While we are snorkeling in the rivers we often grow a “mudstache” throughout the search. These fashionable features are due to the sediment flowing through the river. The interaction between the velocity of water and the sediment flowing in it is an important one! The energy (determined by the velocity) of the river, determines how much sediment is entrained and suspended - with more sediment suspended, the greater the “mudstaches” we get.
There are two important diagrams that show the relationship between sediment size and energy of the river system.
One is The Hjulström Diagram below shows the relationship of sediment diameter versus water velocity - showing what speed a particle is in transport, being eroded and deposited.

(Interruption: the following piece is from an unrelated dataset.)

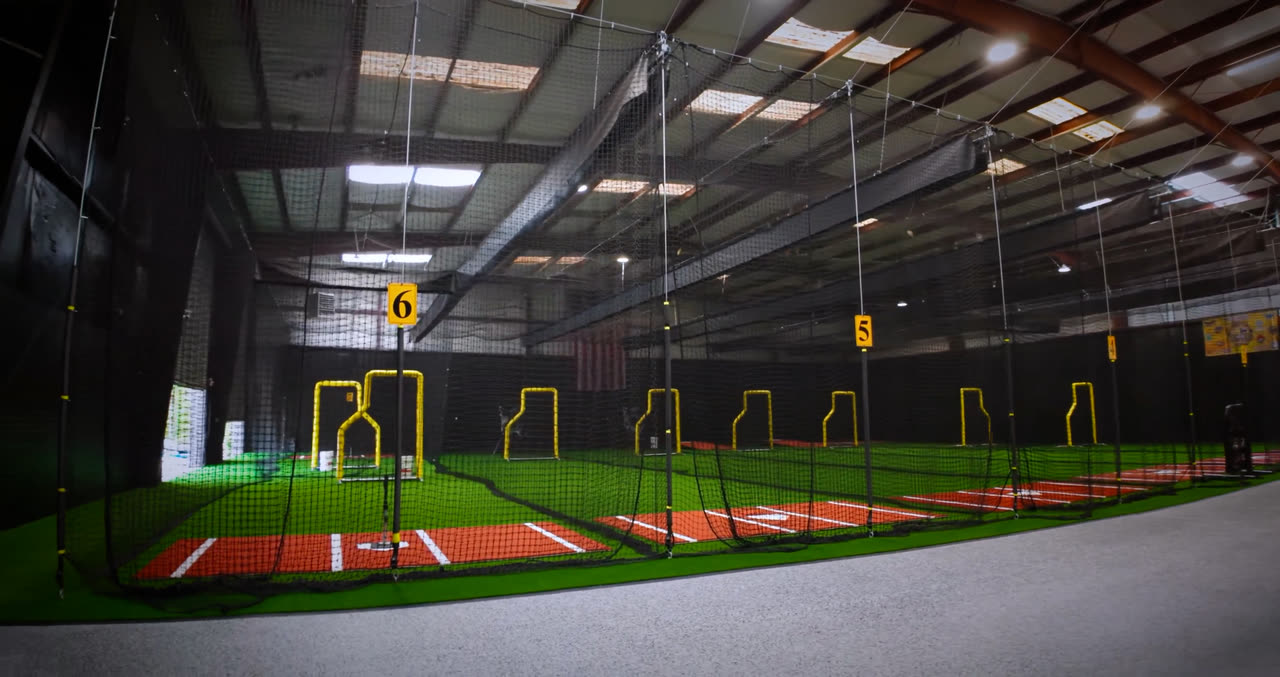 An Off-Season Training Plan for the Serious Youth Player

Another is Shield's diagram. Put simply, this diagram shows at what shear stress is particle is likely to be entrained (or move along the bed or in suspension).
There are three categories of sediment transport; the wash load, suspended load and bedload.
The wash load of a river is the sediment/debris in the river that is carried by the water near the surface. Usually it will not ever deposit.
The suspended load is the sediment that settles very slow, so slow that it also may never touch the bed of the river. It is upheld by turbulence - and is what causes us to get our great five o’clock shadows.
The bedload of a river is the sediment that is transported along the bed. This transport occurs through the saltation, rolling and sliding of the sediment. Saltation is jumping along of a particle along the bed - rolling and sliding are pretty intuitive.
Unfortunately we do not have any images of us with our fancy-staches, but instead is here a picture of Maya as a burrito! We call this a burrito because we wrap ourselves up in a tarp to keep the car somewhat dry when driving from site to site!